All the times I have been to RV, the regulars are pretty much the people using it.


----------



## north (Nov 2, 2017)

Royal Vista now shows this message:
"Due to the impact of Hurricane Irma, Wyndham Royal Vista is currently closed for refurbishments through Feb. 1, 2018. We sincerely apologize for the inconvenience as we work to restore this resort property. For questions, please contact Owner Services at 800-251-8736."


----------



## jaygould (Nov 3, 2017)

I had a confirmed two-week reservation in unit 416 on the top floor of the Waterfalls unit starting Nov 4 (tomorrow). On Oct 26, 10 days before my reservation was to start, I got an e-mail from Wyndham cancelling my reservation due to storm damage and returning 125% of the points involved to my account. I am currently staying at Canada House, just a few blocks north on A1A. Yesterday I walked down the beach to Sea Gardens. There were a few people around each pool. They have set up a small tiki bar which had a few customers at 4PM. There were a lot of workers in hazmat suits working in Waterfalls and a lot of banging and drilling going on in the Ocean Palms building. Surprisingly, particularly since the original tiki bar blew away, none of the trees and plantings in the Waterfalls area seemed to be disturbed, but all five of the palm trees in front of Ocean Palms were missing. I checked at the front desk and was told that they don't plan to be back in full operation till February.
I also wandered into Royal Vista earlier in the week. Apparently, they had planned a full renovation and had closed the resort weeks before the storm came. I was told they will stay completely closed till February. I also wandered into Santa Barbara but there was no one in the lobby to talk to. There were no cars in the garage and no one at the pool, just some workers in a bucket lift repairing cracks in the exterior wall and workers coming out the front door to patronize the coffee-break truck.
One thing that has me wondering is the fact that where we are currently staying is an oceanfront timeshare unit eleven blocks north of Sea Gardens in a small resort which is fully occupied and suffered NO storm damage other than getting sand in its swimming pool.


----------



## north (Nov 3, 2017)

Jimfisk, thank you for the update. 

I think it is very bad practice to cancel 10 days ahead of the stay, but it is good that Wyndhan gives a small compensation of 25% extra points.  I have several reservations for December at RV.  I wonder how far out they will cancel those, and if I will be able to find somewhere else to stay.


----------



## Roger830 (Nov 3, 2017)

jimfisk said:


> One thing that has me wondering is the fact that where we are currently staying is an oceanfront timeshare unit eleven blocks north of Sea Gardens in a small resort which is fully occupied and suffered NO storm damage other than getting sand in its swimming pool.

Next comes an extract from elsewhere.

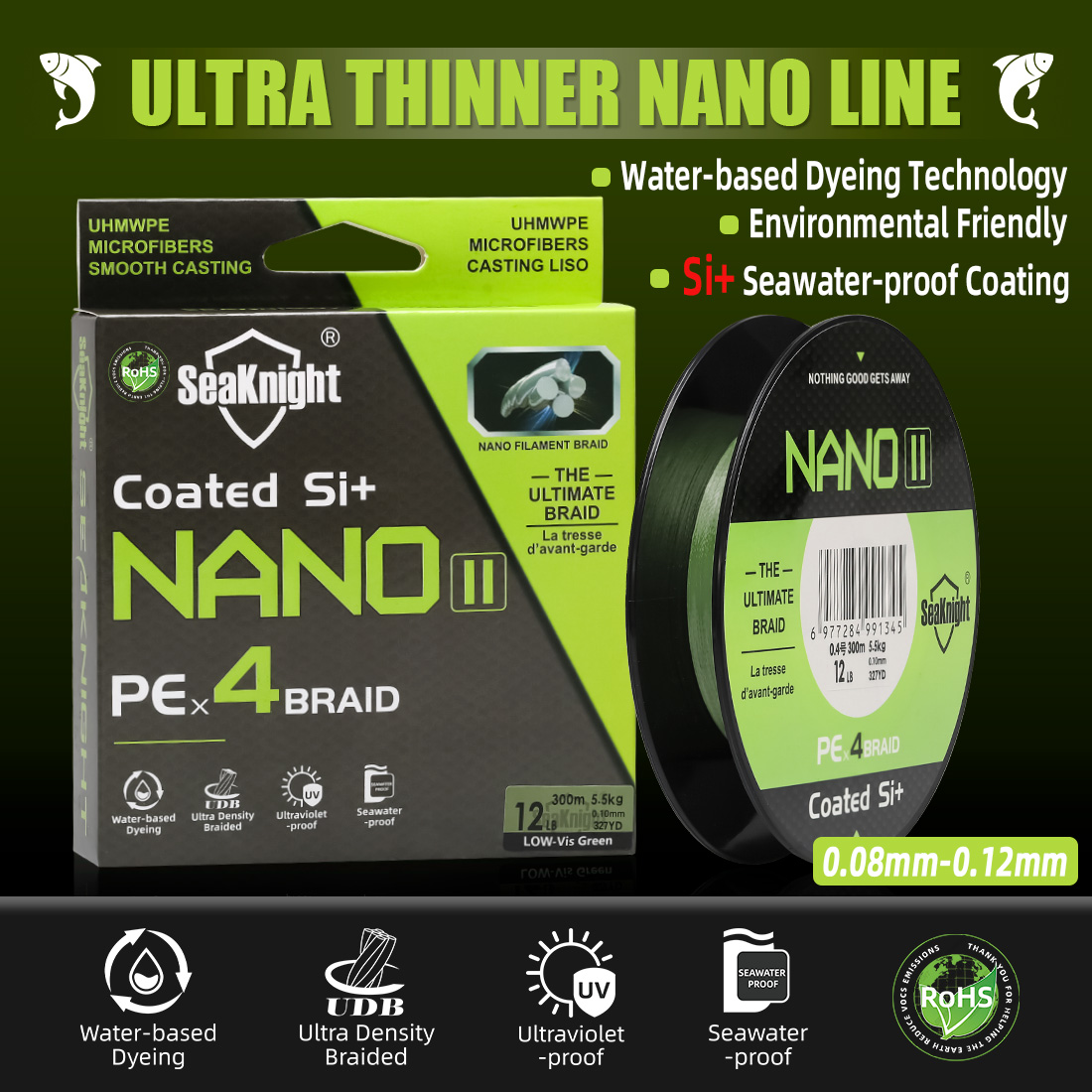Copolymer Line - SeaKnight Brand NANO II Series 300M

This also has me wondering. 

We own at the Hollywood Sands, an old ocean front resort. Just minor damage and sand. The windows and doors are hurricane proof that were replaced in 2006 after Wilma. The roof was replaced about 4 years ago.

We have weeks 3 and 7 reserved in Ocean Palms at Sea Gardens. I hope they are ready by then.


----------



## moonstone (Nov 3, 2017)

Roger830 said:


> This also has me wondering.
> 
> We own at the Hollywood Sands, an old ocean front resort. Just minor damage and sand. The windows and doors are hurricane proof that were replaced in 2006 after Wilma. The roof was replaced about 4 years ago.
> 
> We have weeks 3 and 7 reserved in Ocean Palms at Sea Gardens. I hope they are ready by then.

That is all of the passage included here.